The .travis.yml required to tell Travis CI is succinct and simple:

language: ruby
rvm:
  - 1.9.3
script: bundle exec jekyll build
install: bundle install
after_success: bundle exec s3_website push --headless

The language used is Ruby, and we’re sticking to 1.9.3.

The script section defines the command to run to build the code, in this case jekyll build which builds the site and generates the static result in the _site folder.

The install section is customized to prevent Bundler from running with the --deployment flag, which is the default for projects with a Gemfile.lock. Unfortunately it leads to strange errors generating the site.

The last and most important bit is the code that ships the site to S3. s3_website push synchronizes the static output with S3, only uploading files that have changed. This last bit is very neat, as it keeps the whole sync process nice and short.

Secure credentials

The last puzzle piece is the question of how to get those S3 credentials securely into Travis CI without exposing them to the public.

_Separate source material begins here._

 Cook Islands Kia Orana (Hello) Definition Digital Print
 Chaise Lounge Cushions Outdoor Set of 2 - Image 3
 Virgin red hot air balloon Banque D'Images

The access keys are defined as environment variables in the configuration, so we just need a way to have them set up for our build on Travis CI.

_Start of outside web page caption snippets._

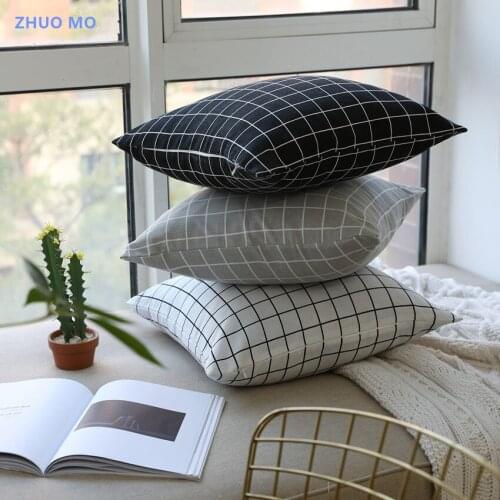 3PCS Nordic style grid Cotton Linen Cushion Cover Decorative Pillowcase Home Decor Sofa Throw Pillow Cover 45x45cm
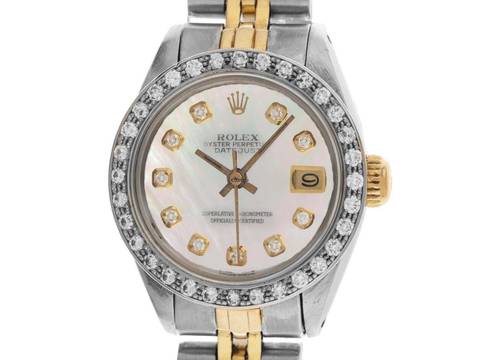  Rolex Lady-Datejust Ref.6917 1977 Box&Beschreibung Original unpoliert Datejust Lady open 6/9 Diamanten 0,60ct Perlmutt 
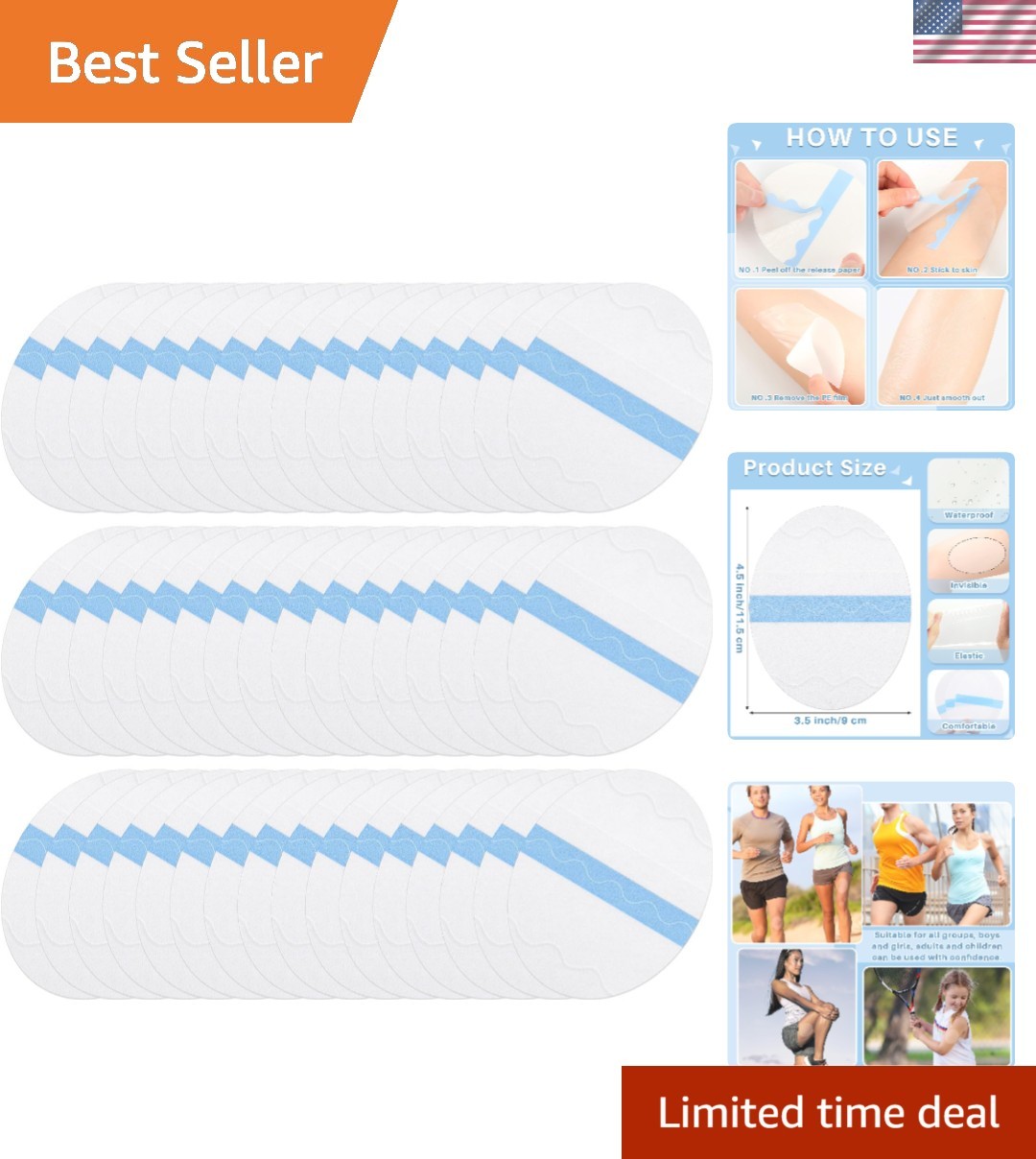 48 Pcs Thigh Inner Anti Chafing Sticker Thigh Patches Thigh Tapes Chafe Prote…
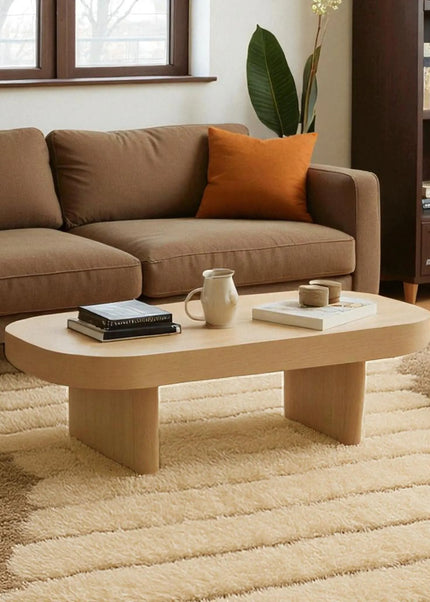 Handwoven Beige & Brown Wool Shag Rug - Modern Living Room Decor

For this bit, you need the travis gem installed. Best to add it to your Gemfile. Travis CI has a feature called “secure environment variables”, that allow you to encrypt sensitive data in your .travis.yml to avoid exposing it to the public.

I’d recommend creating a separate user on Amazon IAM for this purpose, with restricted permissions only for the bucket you’re deploying too. You’ll need most permissions available, including listing, fetching and deleting objects.

When you have the credentials, run the following commands in your project’s directory. The travis tool will automatically look up the encryption keys for you on Travis CI.

$ travis encrypt S3_ACCESS_KEY_ID=ASASK... --add env.global
$ travis encrypt S3_SECRET_KEY=sshhhhh... --add env.global

These commands add the environment variables to your .travis.yml. Add the file to git, and push the changes to GitHub.

Now watch your blog be automatically deployed while also making sure the content builds correctly.

Fin

This article about deploying your Jekyll site to S3 with Travis CI was automatically deployed to S3 with Travis CI. Did that just blow your mind?